19 abr 2021, 16:10  

No se puede borrar la historia de un plumazo. Por mucho que no les guste a los destructores de estatuas de toda clase, ningún régimen ha conseguido empezar desde cero. La historia no coincide con la justicia. No es monolítica, es pasta humana y, por tanto, compleja. Además, toda mirada sobre el pasado es necesariamente anacrónica por su propia naturaleza. Los que, por la noche, se las toman con las estatuas de las calles, recuerdan a los esbirros del Daech mutilando las esculturas preislámicas.
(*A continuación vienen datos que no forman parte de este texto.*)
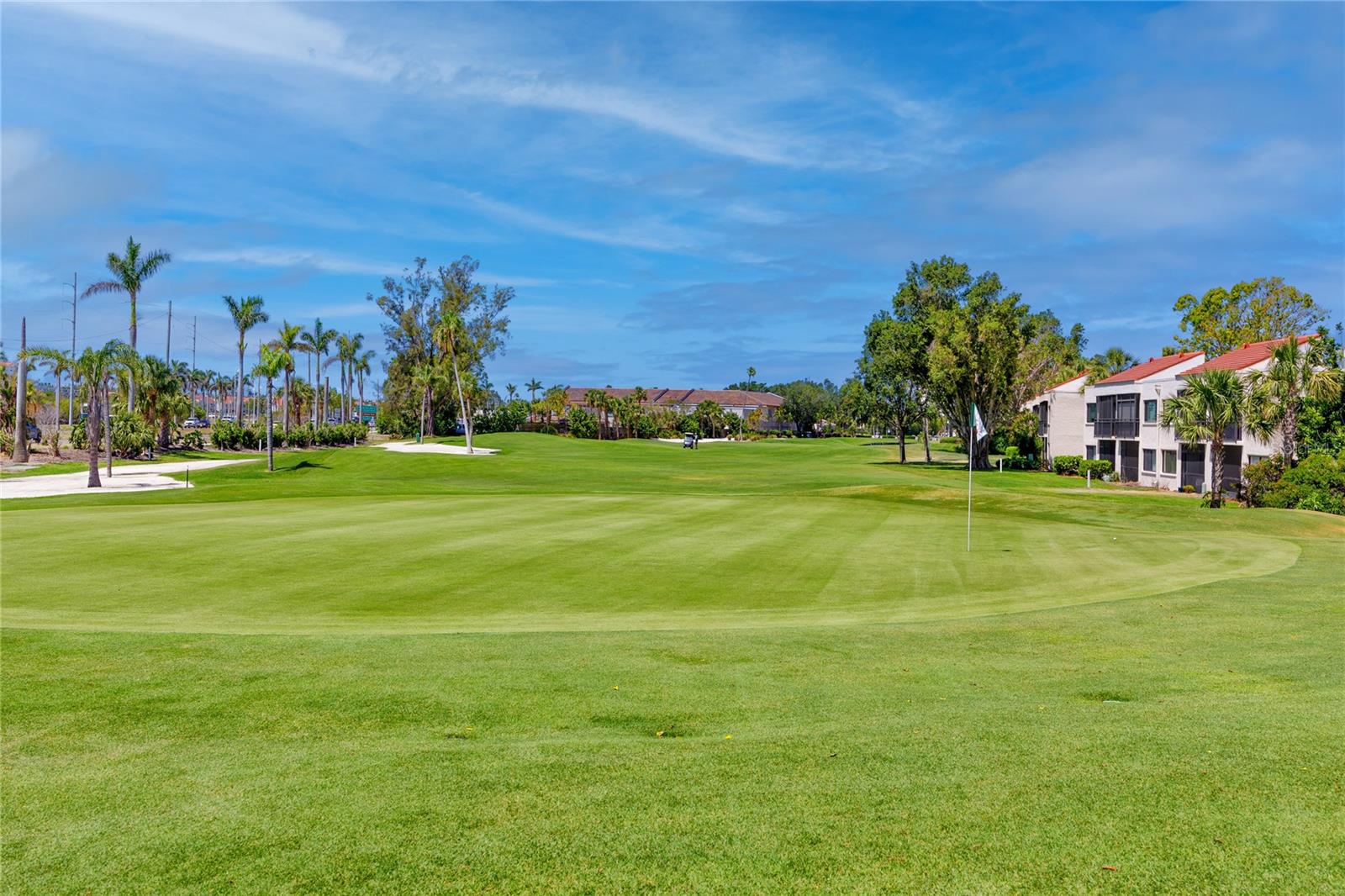 Golfing Anyone? Play or just watch!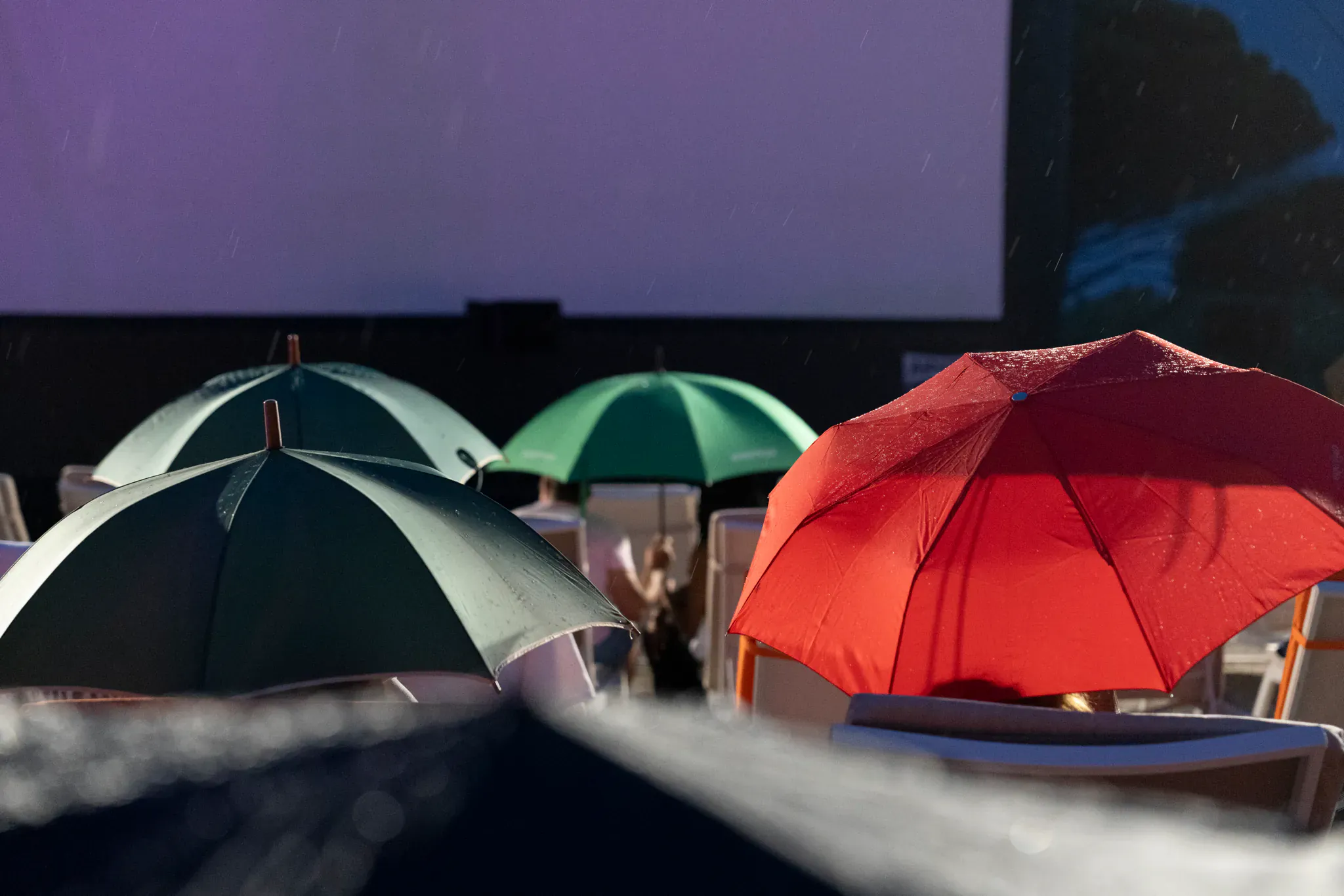 Projection en plein air sous les parapluies, illustration de la diffusion des contenus audiovisuels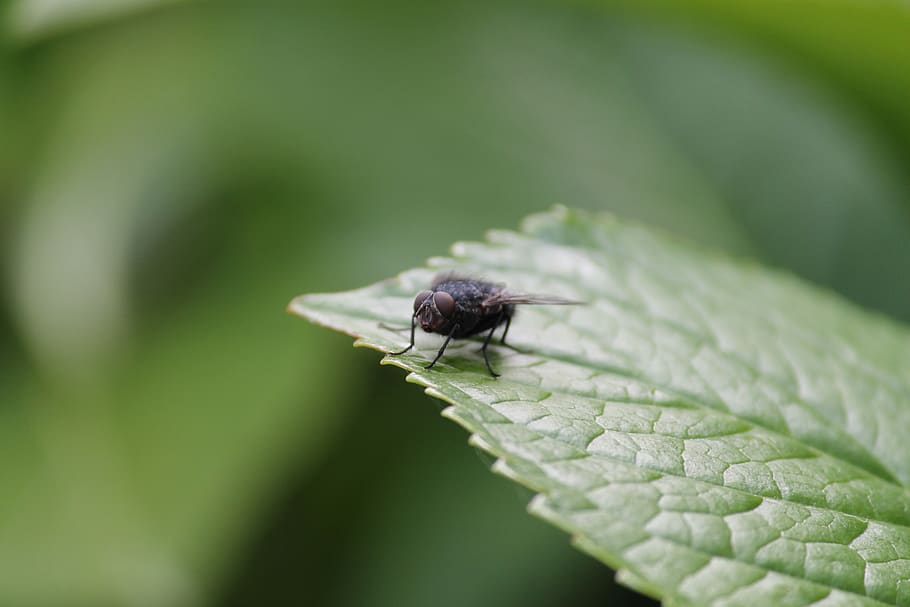 Black Fly on Green Leaf, housefly, insect, animal, animal themes HD wallpaper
O a las tropas nazis que, en 1940, destruyeron el monumento a los «héroes del ejército negro» erigido en Reims en recuerdo de los fusileros senegaleses de la Primera Guerra mundial, que los alemanes habían llamado el monumento de la vergüenza negra, Die schwarze Schande.

La iconoclasia es siempre un intento de tomar el poder

La iconoclasia, vieja como el mundo, conlleva siempre un intento de tomar el poder, una voluntad de reemplazar una soberanía por otra soberanía. Intento raramente coronado de éxito a largo plazo. En 1794, la Revolución francesa sacó a Mirabeau del Panteón y quiso refundar nuestro calendario. Pues bien, hoy el Sena continúa pasando bajo un puente Mirabeau y continuamos estando en 2021 «después de Jesucristo». Querer acabar así con el pasado, cortar los lazos que lo relacionan con nuestro presente y nuestro porvenir colectivo no es más que un acto «in-humano», en el sentido literal del término, un acto de barbarie que nos hace salir de la civilización.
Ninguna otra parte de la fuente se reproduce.